A U.S. judge on Friday ordered Alaska corrections officials to provide Muslim inmates with nutritionally sufficient, pork-free meals when they break their Ramadan fasts at night.
U.S. District Judge H. Russel Holland said in a written order that fasting Muslim inmates must be given daily meals containing at least 2,600 calories during the religion’s holy month of Ramadan, which began May 16 and is marked by fasting from dawn to sunset.
The Council on American-Islamic Relations (CAIR) Legal Defense Fund sued on behalf of two Muslim inmates this week, arguing that bagged meals the men received each evening range from about 500 to 1,100 calories, when they should be receiving 2,600 to 2,800 calories per day under federal health guidelines.

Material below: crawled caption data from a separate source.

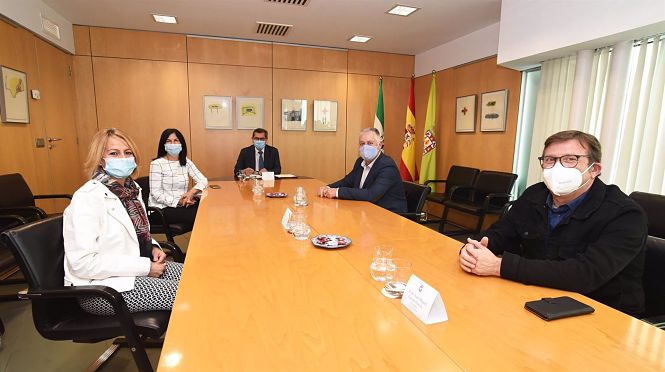 Firma de convenio entre las administraciones (DIPUTACIÓN DE GRANADA)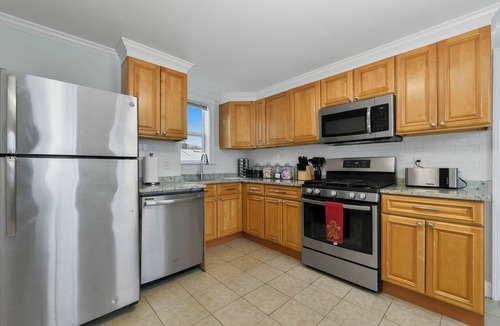 Central-Maverick Square - Paris Street Apartment | The Princeton Boston - Luxurious Apartment - New - Near Downtown Boston, Airport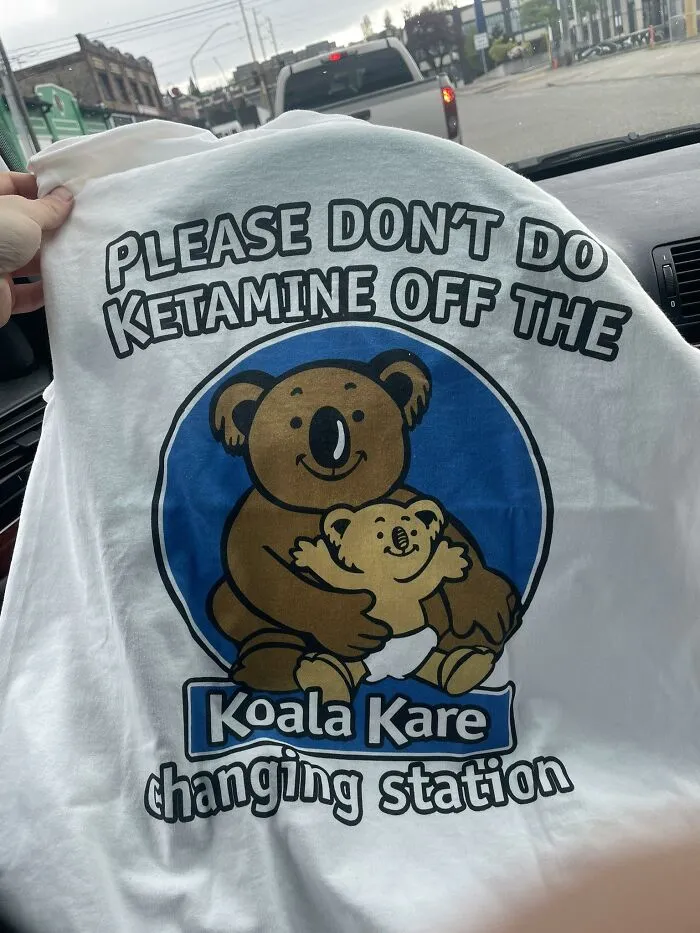 30 Weird, Disturbing, And Downright Cursed Shirts People Actually Wear, As Shared By These Twitter Accounts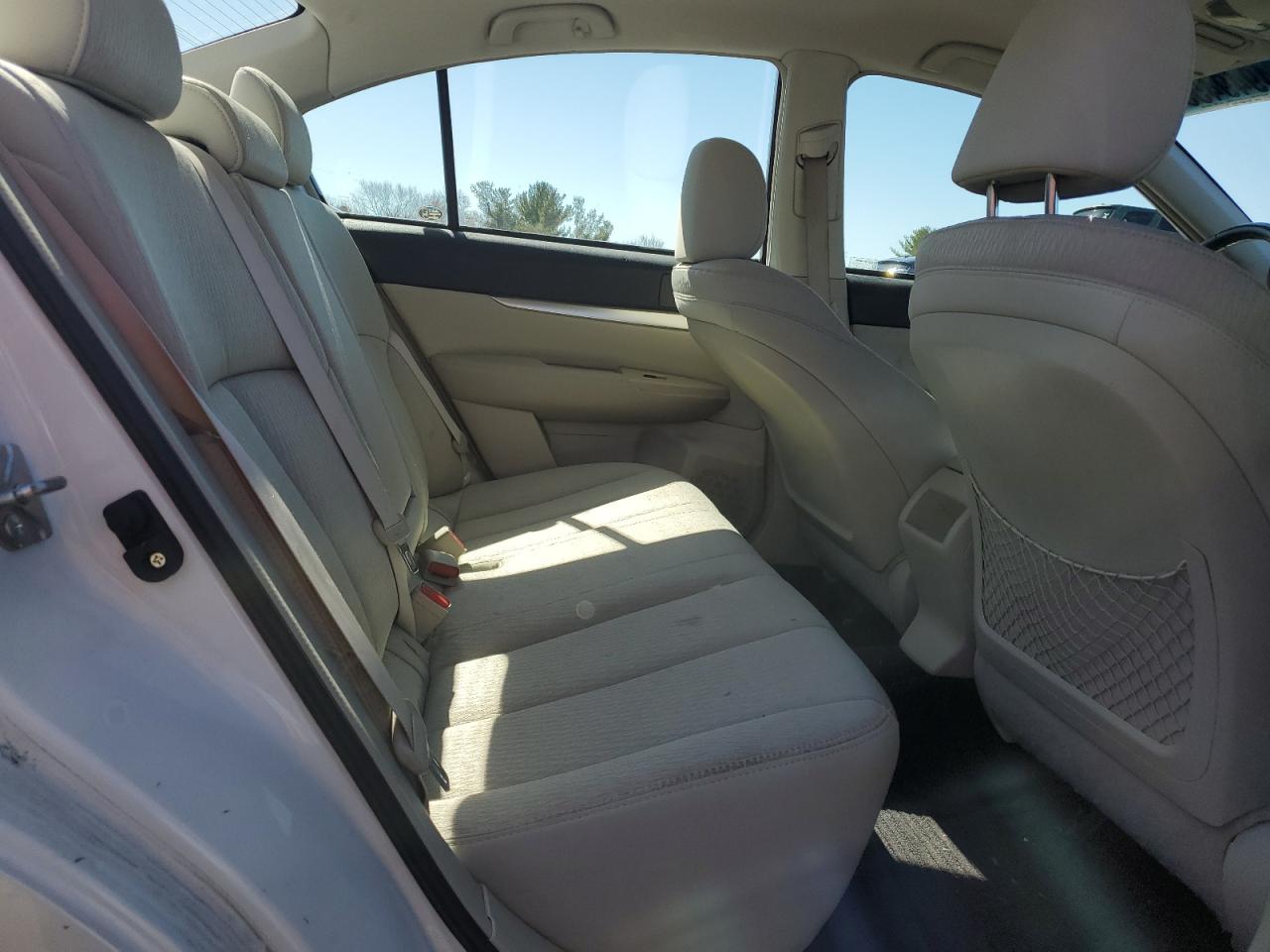 2010 Subaru Legacy 2.5I Premium VIN: 4S3BMBB62A3233663 Lot: 49494555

And some days the men held at the Anchorage Correctional Complex got bologna sandwiches believed to contain pork product that they cannot eat because of their faith, the lawsuit said.
An attorney for the state, Matthias Cicotte, said the prisoners were not deprived and pork wasn’t being served at the jail.
The judge set a daily threshold of at least 2,600 calories in his emergency order. Holland wrote that even if the men received sufficient food on some days, there was evidence that they have not received enough every day.
The lawsuit seeks an unspecified amount in damages and contends the jail policy is unconstitutional cruel and unusual punishment and has a chilling effect on the men’s rights to exercise their religion.
It names the jail’s superintendent, the state corrections commissioner and others.